Endomorphisms of irreducible subshifts of finite type

Introduction. The properties of endomorphisms of the full shift dynamical system are described by Hedlund in [9]. His proofs are based on the very nice combinatorial properties of the full shift. However, the combinatorial structure of a symbolic flow is, in general, not susceptible to the kind of analysis done in [9]. For this reason, there are relatively few results about endomorphisms of symbolic flows other than full shifts. In this paper, we investigate the properties of endomorphisms of a class of symbolic flows known as irreducible subshifts of finite type. This class, which contains all full shifts, is in some sense a more appropriate class to study than the class of full shifts. Irreducible subshifts of finite type occur naturally in the work of the Smale school on Axiom A diffeomorphisms (see [3], [4], [12]). They were introduced by Parry [I 1], who called them intrinsic Markov chains. They are examples of intrinsically ergodic flows, i.e., flows having a unique invariant measure such that the topological entropy of the flow is finite and equal to the measure-theoretic entropy with respect to the distinguished measure. For an irreducible subshift of finite type, the value of this measure on a basic cylinder set is easily computed. We first establish some properties of intrinsically ergodic symbolic flows and their endomorphisms.
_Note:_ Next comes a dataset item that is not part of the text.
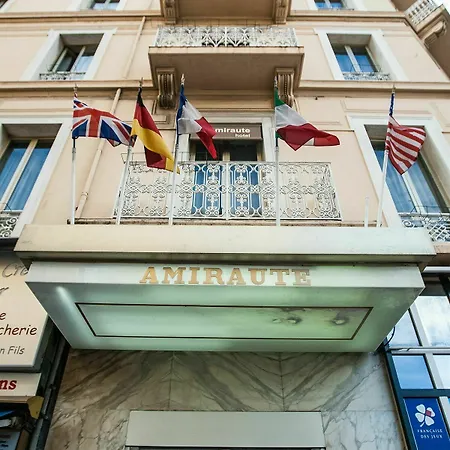 Otel Amiraute Cannes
Then we prove the equivalence of certain properties of an endomorphism of an irreducible subshift of finite type (e.g., being onto, being finite-to-one, preserving the distinguished measure). Finally, we show how to extend Hedlund's results on inverses of onto endomorphisms to endomorphisms of irreducible subshifts of finite type. The authors wish to thank G. A. Hedlund for many hours of stimulating discussion.